Grünen-Aktion in Waldmünchen: Plastikabfall türmt sich zwei Meter hoch

Zwei Meter hoch türmt sich der Plastikabfall in der Glasstele. Kurz vor der Europawahl will Josef Karl von den Grünen in Waldmünchen so auf das Problem Plastikmüll aufmerksam machen. Dazu hat er eine zwei Meter hohe Glasstele gebaut, die er bis obenhin mit Plastikabfällen gefüllt hat. Am Donnerstag hat er die Stele vor dem städtischen Wertstoffhof mit dem Grünen-Kreisvorsitzenden Stefan Zeller, dem Grünen-Mitglied Ottmar Aigner und dem Vorsitzenden der Kreisgruppe des Bundes Naturschutz, Robert Kurzmann, vorgestellt.
Der durchschnittliche Pro-Kopf-Verbrauch von Kunststoffabfällen pro Bundesbürger betrage in etwa 76 Kilo, sagte Karl. Die Säule zeige in etwa ein Zehntel dieses Verbrauches. Dabei beruft sich der Grüne auf Zahlen der parteinahen Heinrich-Böll-Stiftung und des BUND. Das Volumen der Säule betrage rund 0,32 Kubikmeter.
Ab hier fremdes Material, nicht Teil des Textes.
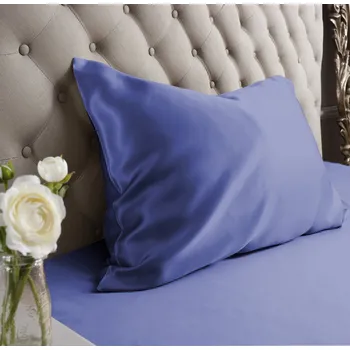 Povlečení Hedvábný povlak na polštář tmavě modrý různé rozměry 19 momme Rozměr: 40x40cm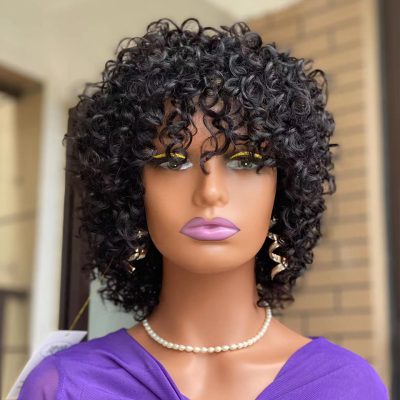 Lace Front Bob Wig — Bouncy Wave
Mittlerweile gebe es im Meer mehr Plastik als Lebewesen, sagte Karl.Über die Nahrungskette komme der Plastikabfall als Mikroplastik irgendwann wieder zurück zu uns, machte Aigner deutlich. Und das Mikroplastik könne die Blut-Hirn-Schranke überwinden, fügte Kurzmann hinzu.
Plastik ist ein Rohstoff
Dabei sei der Plastikabfall kein Müll, sondern ein Rohstoff, erläuterte der Grünen-Kreisvorsitzende. Deswegen stehe man in Waldmünchen auch vor dem Wertstoffhof. Nur sollte Plastik so sortenrein hergestellt werden, dass es auch recyclebar oder sogar wiederverwertbar sei. Derzeit würden laut Umweltbundesamt 99,4 Prozent der Kunststoffabfälle stofflich oder energetisch verwertet, sagte Karl . Zahlen zur Situation im Landkreis hatte der Grüne nicht.
Karl machte deutlich, dass er nichts gegen Plastik generell habe. Die Produkte seien nicht wegzudenken und würden auch in seinem Holzbauunternehmen genutzt. Allerdings machte er deutlich, dass die Vermeidung auch helfen würde. Als Beispiel zitierte er einen Beitrag aus einem Fleischer-Fachblatt, das den Plastik-Verpackungsanteil bei 100 Gramm Parmaschinken verglich. Im Selbstbedienungsregal mache der rund 17 Prozent des Gewichtes aus, an der Bedientheke liege er bei einem Prozent.
Insgesamt sei die Produktion von Plastik massiv angestiegen. Weltweit wurden Anfang der 1950er Jahre 1,5 Millionen Tonnen Kunststoff produziert, mittlerweile liege die Zahl 2022 bei rund 400 Millionen Tonnen.
Diese Kunststoffe recyclebar zu machen, sei nur durch ein Gesetz möglich, das den Herstellern eine Sortenreinheit vorschreibt, die ein späteres Recycling überhaupt möglich mache. Genau diese sei eine Aufgabe der EU, sagte der Sprecher des grünen Ortsverbandes. Ähnlich wie beim Rauchverbot, über das heute keiner mehr spricht, würden sich auch bei den Plastikverpackungen die Wogen der Aufregung schnell glätten, sobald eine gesetzliche Regelung vorliegt , vermutet Karl.
Man sehe bei den derzeitigen Überschwemmungen, dass es billiger sei, rechtzeitig vorzusorgen, als später Schäden zu regulieren. An einer Regelung die den Verpackungsmüll eindämmt, würde früher oder später keine Partei vorbeikommen, ist sich Aigner sicher.
Stele soll an Schulen gehen
Die Stele aus Glas möchte Karl jetzt gerne Schulen zur Verfügung stellen. Seine Idee ist: Schüler könnten doch einmal die Verpackungen ihrer Pausenverpflegung sammeln, um zu sehen, wie schnell hier eine Menge an Verpackungsmüll zusammenkommt. Selbstverständlich würde er die schwere Stele auch den interessierten Schulen anliefern.